One doesn't quite know what to make of this story of enormous reserves of oil in North Dakota. On the one hand one is glad because it might eventually lead to a lowering of fuel prices. On the other hand this is a little like the heroin addict finding a stash of the yam-yam in the trash. No, I am not comparing North Dakota to trash, although I am comparing the American consumer to a smack addict. Part of the story:
Thanks to new technology the Bakken Formation in North Dakota could boost America’s Oil reserves by an incredible 10 times, giving western economies the trump card against OPEC’s short squeeze on oil supply and making Iranian and Venezuelan threats of disrupted supply irrelevant.

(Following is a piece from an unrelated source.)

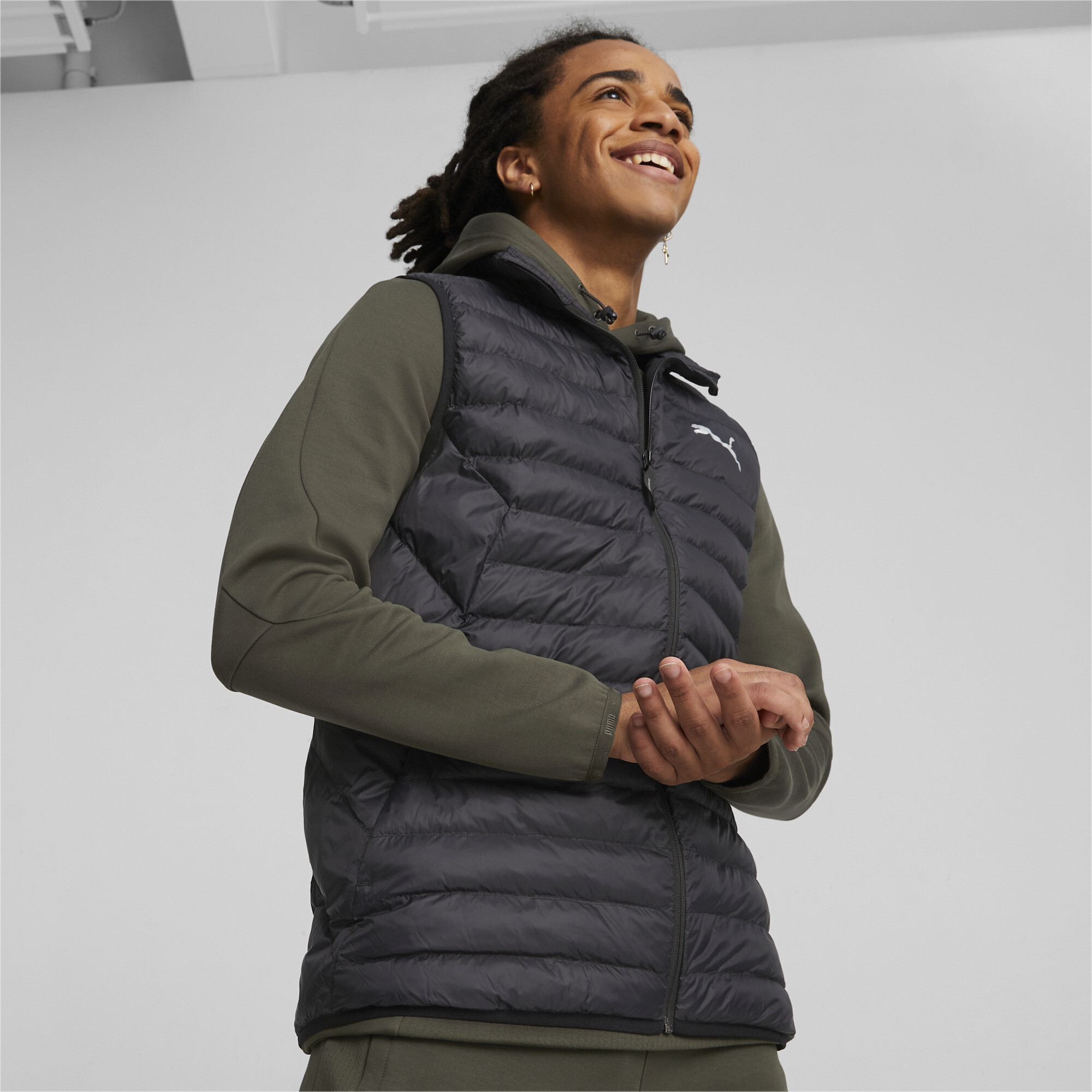 Утепленный жилет мужской PUMA PackLITE Primaloft Vest черный XS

In the next 30 days the USGS (U.S. Geological Survey) will release a new report giving an accurate resource assessment of the Bakken Oil Formation that covers North Dakota and portions of South Dakota and Montana. With new horizontal drilling technology it is believed that from 175 to 500 billion barrels of recoverable oil are held in this 200,000 square mile reserve that was initially discovered in 1951. The USGS did an initial study back in 1999 that estimated 400 billion recoverable barrels were present but with prices bottoming out at $10 a barrel back then the report was dismissed because of the higher cost of horizontal drilling techniques that would be needed, estimated at $20-$40 a barrel.